Ontsteking van de wond
Soms blijft het wondgebied (te) pijnlijk of wordt na enkele dagen pijnlijk en zwelt op. De huid rond de wond is of wordt dan ook vaak rood. Neemt u dan contact op met uw nko-arts. Er kan dan sprake zijn van een wondinfectie. U krijgt hiervoor dan soms een antibioticumkuur.
Zenuwbeschadiging
Om een onderkaakspeekselklier adequaat te verwijderen is het vrijwel altijd mogelijk om de belangrijkste zenuwen in dat huidgebied te behouden. Zenuwbeschadiging kan ontstaan wanneer een zenuwtakje (de zogenaamde mondtak of een lager gelegen halstak) van de aangezichtszenuw (nervus facialis) wordt beschadigd. Na de operatie is er in ongeveer 10% van de gevallen gedurende enkele dagen tot weken enige zwakte in de beweeglijkheid van de mondhoek. Over het algemeen verbetert dit na enkele weken. Zelden ontstaat er een blijvend scheve mond, die alleen zichtbaar is bij aanspannen van de spieren van de mondopening.
De kans op beschadiging van de zenuwen van de tong (voor gevoel, smaak en beweging) is bij deze operatie zeer klein.

Slotwoord

Het is niet mogelijk om op deze voorlichtingspagina alle details voor elke situatie te beschrijven. Het kan zijn dat u ondanks de uitleg van uw arts nog vragen heeft of dat u meer informatie wilt. Aarzel dan niet contact op te nemen met uw nko-arts om nadere uitleg te vragen.

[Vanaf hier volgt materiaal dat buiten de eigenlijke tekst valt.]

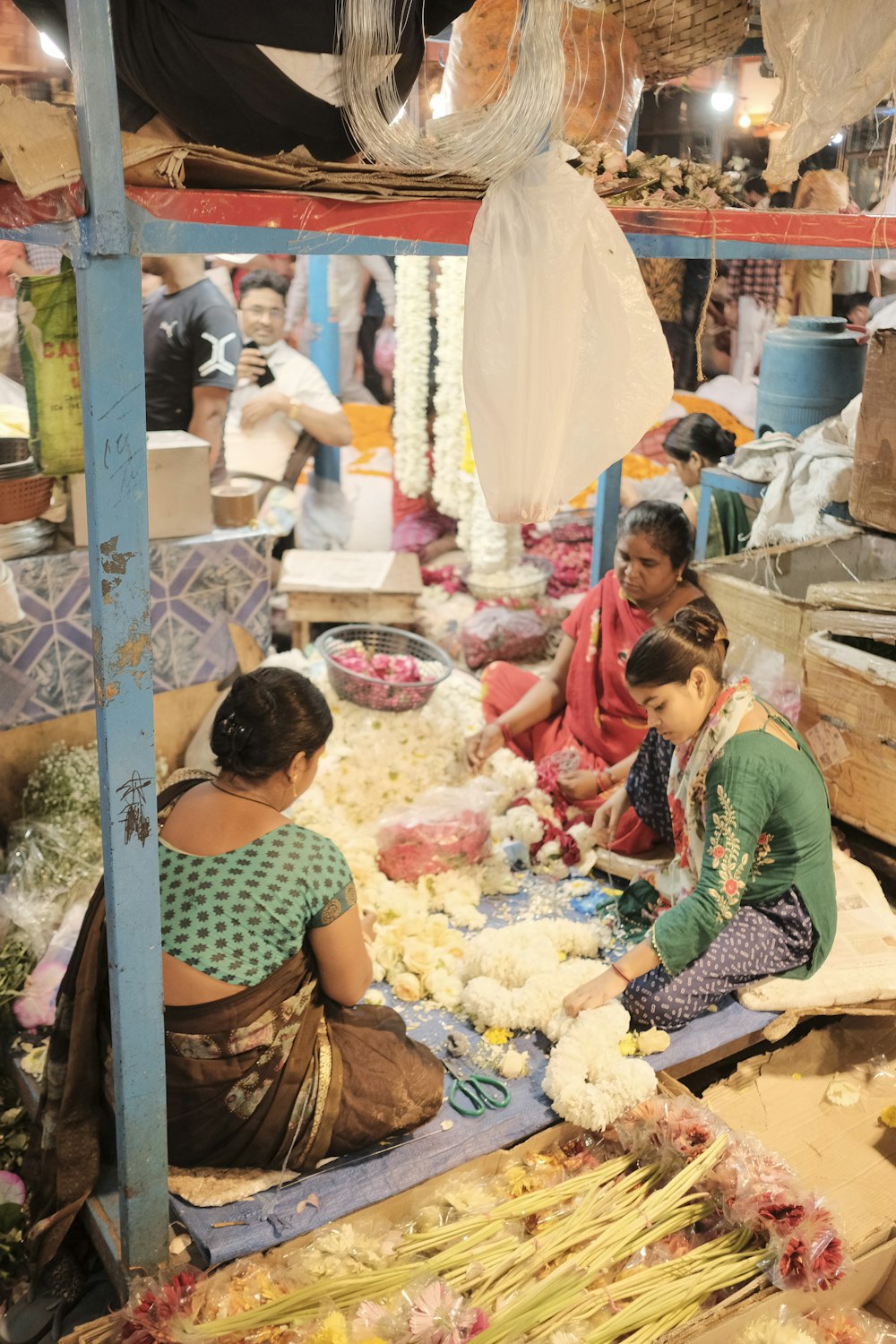 a group of women sitting on the floor of a market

DE OORSPEEKSELKLIER (GLANDULA PAROTIS)

De oorspeekselklier is gelegen voor en onder het oor; het is de klier die bij de ziekte ‘bof’ gezwollen is. De mens heeft twee oorspeekselklieren, die samen met twee speekselklieren onder de kaak en twee onder de tong de zes grote speekselklieren vormen. Daarnaast bevinden zich nog talloze microscopisch kleine speekselkliertjes vlak onder het slijmvlies van de mond- en keelholte. Al deze speekselklieren samen zorgen voor de dagelijkse speekselproductie, die belangrijk is voor de eerste stappen in de spijsvertering en het vochtig houden van de slijmvliezen van mond- en keelholte. Via een afvoergang, die in het wangslijmvlies uitmondt, wordt het speeksel uit de oorspeekselklier naar de mondholte afgevoerd.
 De oorspeekselklier bestaat uit twee delen: een oppervlakkig en een diep gelegen deel, respectievelijk de oppervlakkige en diepe kwab genoemd (zie verder). Tussen deze twee kwabben loopt een belangrijke zenuw, de aangezichtszenuw (nervus facialis). Deze zenuw verzorgt de mimiek van het aangezicht (lachen, huilen, grimassen), het sluiten van de lippen (drinken) en het sluiten van de oogleden.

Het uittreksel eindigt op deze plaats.